By DANIEL WOOLLS, Associated Press
MADRID (AP) — Spain insisted Friday it is financially stable because its heavily indebted regions are now meeting deficit reduction targets, but investors remained worried about the country's ability to rescue another part of its financial system - the banks - and kept the government's bond yields dangerously high.
The nation's 17 semi-autonomous regions - whose high debts have helped fuel fears about the country's financial future — will meet a target to get their collective deficits below 1.5 percent this year, Finance Minister Cristobal Montoro told reporters.
The regions, which function much like U.S. states, ran a deficit of 0.45 percent of GDP in the first quarter. When counting €5 billion ($6.2 billion) they received from the central government, they ran a balanced budget.
"This means that since the beginning of the year the government's plan is working," said Montoro.
Most of Spain's excessive deficits in 2011 — which at 8.9 percent were almost three times the EU limit of 3 percent — came from the regions' overspending.
Eight of the regions, including powerful Catalonia in the northeast, saw their credit ratings downgraded this week by the Fitch agency. Those that issue debt are paying high rates. Montoro said the government is close to completing a mechanism that will allow the regions to issue debt through the central government at lower rates.
But worries about Spain in recent weeks have centered mainly on its banks, which are sitting on massive amounts of soured real estate investments. Rescuing the banks could overwhelm public finances, pushing the government to need international aid itself.
Those concerns remained as strong as ever on Friday and one senior bank executive said that if the amounts of money needed to rescue the country's banking sector kept on getting bigger there would be no alternative to a European bailout, the first time the head of a bank has acknowledged such a possibility.
"The banking sector is now in an absolutely critical situation," said Maria Dolores Dancausa, chief executive of Bankinter SA, Spain's seventh-largest bank by market value. "With the figures needed to clean up the banks going each time higher it gets to look like there will be no choice," Dancausa said.
The interest rate on 10-year Spanish bonds was up another 0.02 percentage points to 6.47 percent, close to the 7 percent rate that forced Greece, Ireland and Portugal to ask for bailouts.
Despite the rise in borrowing rates, Montoro insisted the country can meet its debt obligations: "Spain has the ability to make good on that debt in its entirety."

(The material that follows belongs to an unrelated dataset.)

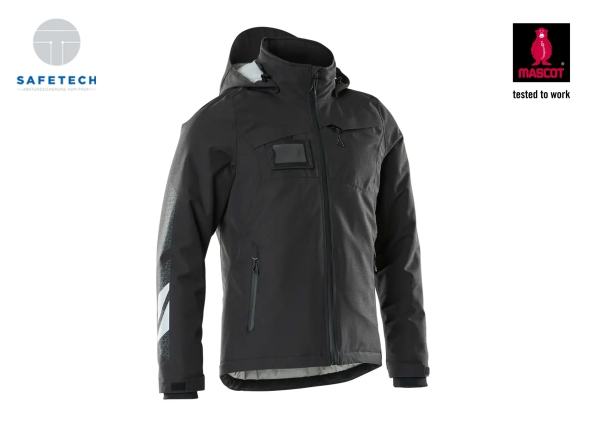 Winterjacke Accelerate mit CLIMASCOT®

Concern about Spain and the wider 17-country eurozone has shaken financial markets in recent weeks, pushing the euro to a 2-year low on Friday.

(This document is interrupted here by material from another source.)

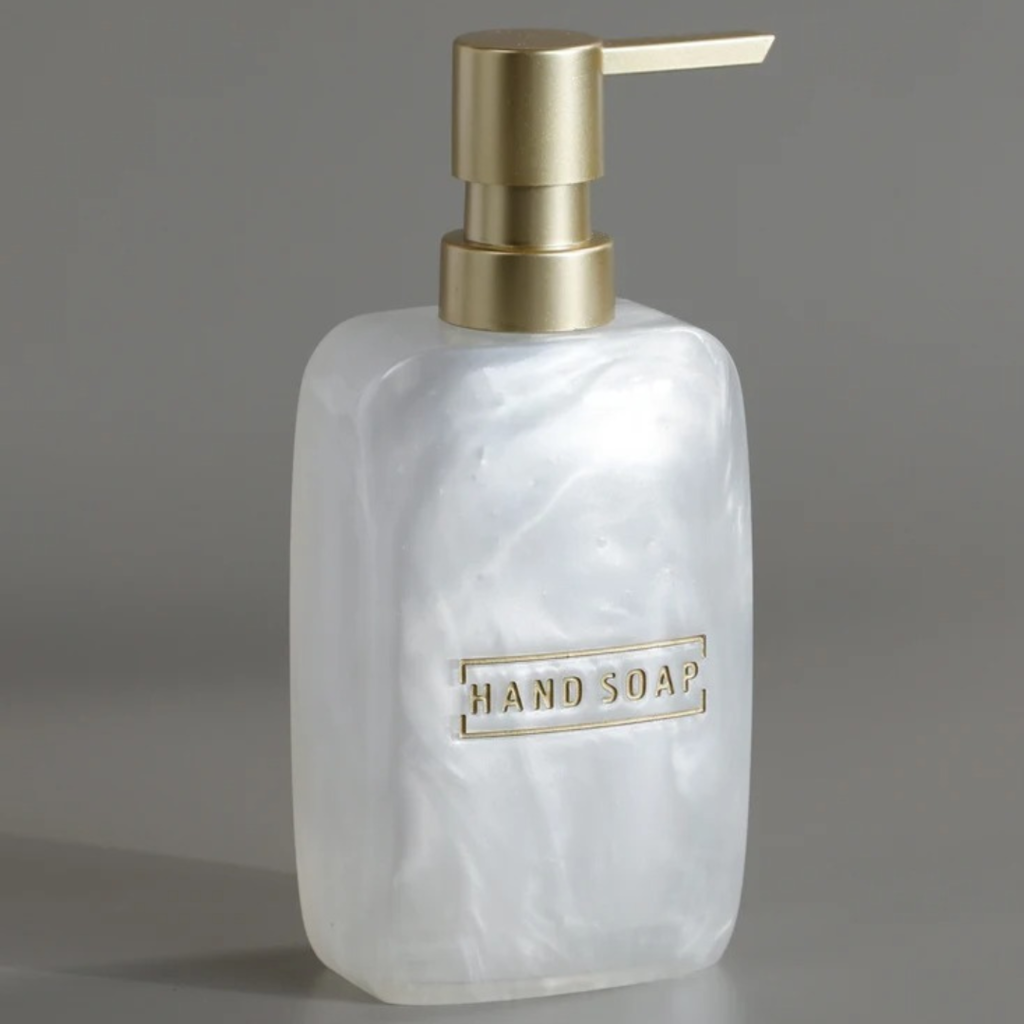 Acessórios de banheiro linha Pérola - Trayis Shop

Spanish Economy Minister Luis de Guindos said this week that Spain and Europe were at a crossroads as speculation mounts over whether the country will need a bailout. The danger is that Spain's €1 trillion ($1.24 trillion) economy is too big for Europe to save — far larger than the economies of Greece, Ireland and Portugal combined.

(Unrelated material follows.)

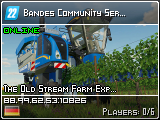 Farming Simulator 2022 Server Bandes Community Server2 :)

Spain's banking sector is laden with soured investments on real estate and the government needs €19 billion to rescue just one lender, Bankia SA, at a time of recession and crushing unemployment of 24.4 percent.
"I don't know if we are on the edge of a cliff, but we are in a very, very difficult position," de Guindos said Thursday evening in a speech to business leaders in Sitges, a resort town near Barcelona. "The future of the euro is going to play out in the next few weeks in Spain and Italy."
Bond yields — a measure of investor confidence in a country's debt — were also very high in Italy, which has big debts and is in recession. Its 10-year bond yield rose stood at 5.73 percent late Friday afternoon after rising to 5.93 percent earlier in the day on fears that it could be affected by Spain's instability.
UBS Investment Research said there is no consensus that the Spanish banking sector in general needs a big recapitalization. It estimated the sector needs between €80 billion and €100 billion in new funds.
"The Spanish State should be able to sustain the recapitalization costs without losing control of its finances," UBS analysts said in a note to clients. "We recognize however that financing this intervention in current market conditions will be difficult."